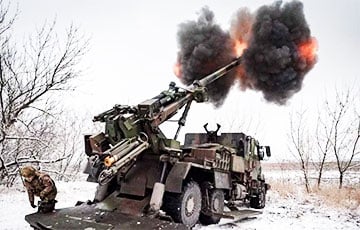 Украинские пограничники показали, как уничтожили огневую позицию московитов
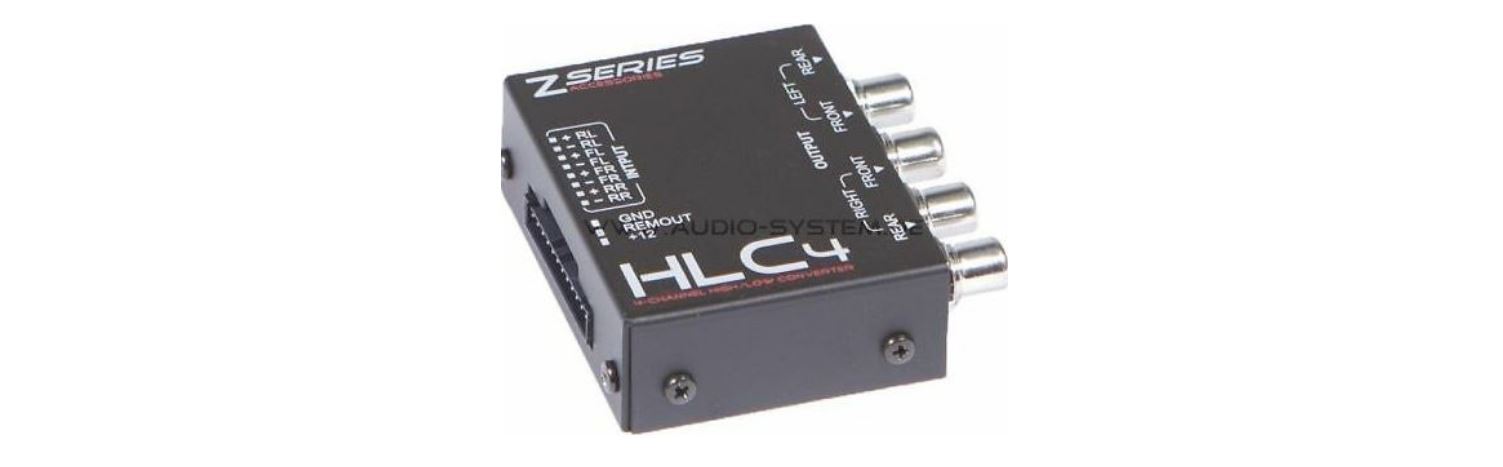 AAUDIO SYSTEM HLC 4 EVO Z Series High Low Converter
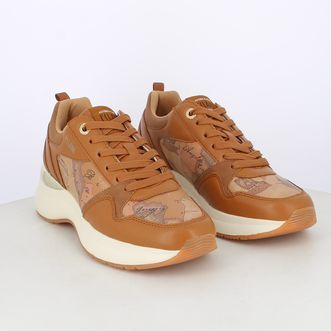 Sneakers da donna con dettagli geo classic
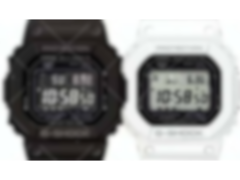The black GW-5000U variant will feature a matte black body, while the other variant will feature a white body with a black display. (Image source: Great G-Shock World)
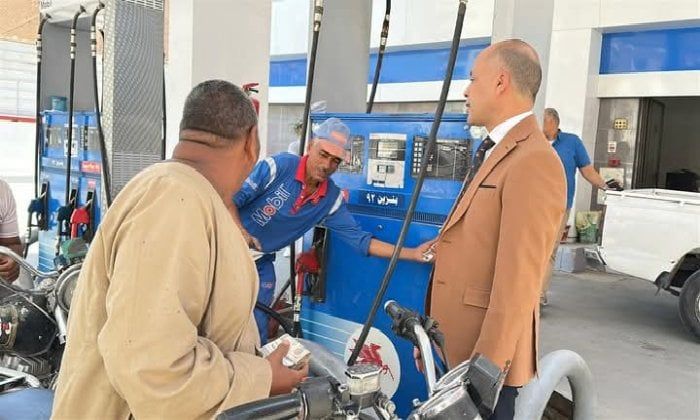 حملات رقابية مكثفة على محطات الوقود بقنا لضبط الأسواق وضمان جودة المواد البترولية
::::::::
TASK: Only one thing is required here: an exact copy of the lines from the one bearing "Sneakers da donna con dettagli geo classic" through the final line above, both included, with pictures left out.

ANSWER FOR THE TASK:
 Sneakers da donna con dettagli geo classic
The black GW-5000U variant will feature a matte black body, while the other variant will feature a white body with a black display. (Image source: Great G-Shock World)
 حملات رقابية مكثفة على محطات الوقود بقنا لضبط الأسواق وضمان جودة المواد البترولية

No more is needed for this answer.